136246 – [RTF] Import: Txt-Table is messed up

Bug 136246 - [RTF] Import: Txt-Table is messed up

Summary: [RTF] Import: Txt-Table is messed up

Status:	NEW

Alias:	None

Product:	LibreOffice
Classification:	Unclassified
Component:	filters and storage (show other bugs)
Version: (earliest affected)	Inherited From OOo
Hardware:	All All

Importance:	medium normal
Assignee:	Not Assigned

URL:
Whiteboard:
Keywords:	filter:rtf

Depends on:
Blocks:	RTF
	Show dependency tree / graph

Reported:	2020-08-28 21:36 UTC by Dennis Roczek
Modified:	2024-09-06 16:15 UTC (History)
CC List:	4 users (show)

See Also:
Crash report or crash signature:

Attachments
Screenshot of the table in LO64 (86.91 KB, image/png) 2020-08-28 21:37 UTC, Dennis Roczek	Details
Screesnhot in LO5 (121.66 KB, image/png) 2020-08-28 21:37 UTC, Dennis Roczek	Details
Abiword (186.69 KB, image/png) 2020-08-28 21:38 UTC, Dennis Roczek	Details
Wordpad in Windows 10 (1909) (78.97 KB, image/png) 2020-08-28 21:38 UTC, Dennis Roczek	Details
Correct rendering in MSO Word (83.73 KB, image/png) 2020-08-28 21:39 UTC, Dennis Roczek	Details
Problematic File (21.64 KB, application/rtf) 2020-08-28 21:39 UTC, Dennis Roczek	Details
somewhat fixed file using an old LibreOffice version (8.15 KB, application/rtf) 2020-08-28 21:40 UTC, Dennis Roczek	Details
View All Add an attachment (proposed patch, testcase, etc.)

Note You need to log in before you can comment on or make changes to this bug.

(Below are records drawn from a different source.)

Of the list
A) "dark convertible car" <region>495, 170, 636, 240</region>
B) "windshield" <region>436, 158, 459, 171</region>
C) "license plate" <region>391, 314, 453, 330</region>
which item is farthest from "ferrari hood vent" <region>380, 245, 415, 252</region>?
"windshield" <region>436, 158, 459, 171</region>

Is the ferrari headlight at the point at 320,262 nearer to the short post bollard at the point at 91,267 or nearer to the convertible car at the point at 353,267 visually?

Description Dennis Roczek 2020-08-28 21:36:08 UTC

Description:
This Bug Report was reported to de-discuss and can be confirmed.

Version: 6.4.4.2 (x64)
Build-ID: 3d775be2011f3886db32dfd395a6a6d1ca2630ff
CPU-Threads: 4; BS: Windows 10.0 Build 18363; UI-Render: GL; VCL: win; 
Gebietsschema: de-DE (de_DE); UI-Sprache: de-DE
Calc: threaded

MMS Bila 5.0 is a small ERP system in Germany. You can grab a test version at http://www.mmsgmbh.de/finanzbuchhaltung.html .

Per mailing list this export is correct in LibreOffice before 6.4.0, although I cannot confirm that at the moment using 5.4.7 (portableapps version).

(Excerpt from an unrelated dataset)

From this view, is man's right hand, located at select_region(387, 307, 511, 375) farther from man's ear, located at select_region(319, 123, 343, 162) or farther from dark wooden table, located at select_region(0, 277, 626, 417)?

For what it is worth: Wordpad in Windows 10 (see another screenshot) and Abiword 2.8.6 (see screenshot) do also have their problems reading that file, only MSO (365 version) is able to read it correctly.

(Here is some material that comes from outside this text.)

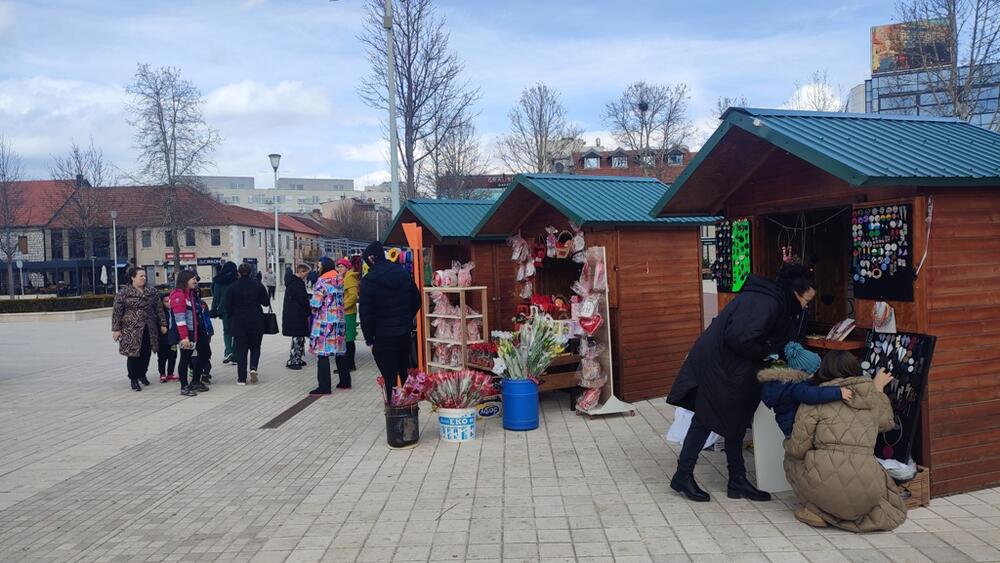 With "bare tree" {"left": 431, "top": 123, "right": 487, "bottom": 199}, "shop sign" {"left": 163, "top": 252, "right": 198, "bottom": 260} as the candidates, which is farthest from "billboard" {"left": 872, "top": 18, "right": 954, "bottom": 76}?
"shop sign" {"left": 163, "top": 252, "right": 198, "bottom": 260}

So basically: the content is completely messed up as the table columns are not in the correct order. 

Steps to Reproduce:
1. open attached RTF file


Actual Results:
messed up table

Expected Results:
correct table


Reproducible: Always


User Profile Reset: Yes



Additional Info:
.

Comment 1 Dennis Roczek 2020-08-28 21:37:24 UTC

Created attachment 164829 [details]
Screenshot of the table in LO64

Comment 2 Dennis Roczek 2020-08-28 21:37:44 UTC

Created attachment 164830 [details]
Screesnhot in LO5

Comment 3 Dennis Roczek 2020-08-28 21:38:00 UTC

Created attachment 164831 [details]
Abiword

Comment 4 Dennis Roczek 2020-08-28 21:38:33 UTC

Created attachment 164832 [details]
Wordpad in Windows 10 (1909)

Comment 5 Dennis Roczek 2020-08-28 21:39:03 UTC

Created attachment 164833 [details]
Correct rendering in MSO Word

Comment 6 Dennis Roczek 2020-08-28 21:39:29 UTC

Created attachment 164834 [details]
Problematic File

Comment 7 Dennis Roczek 2020-08-28 21:40:35 UTC

Created attachment 164835 [details]
somewhat fixed file using an old LibreOffice version

Comment 8 Telesto 2020-08-29 12:55:03 UTC

Confirm with
7.1

Also in
LibreOffice 3.3.0 
OOO330m19 (Build:6)
tag libreoffice-3.3.0.4

Comment 9 Telesto 2020-08-29 12:58:30 UTC

@Miklos
Is there some way to validate RTF files; the bug rtf doc here is dubious quality wise.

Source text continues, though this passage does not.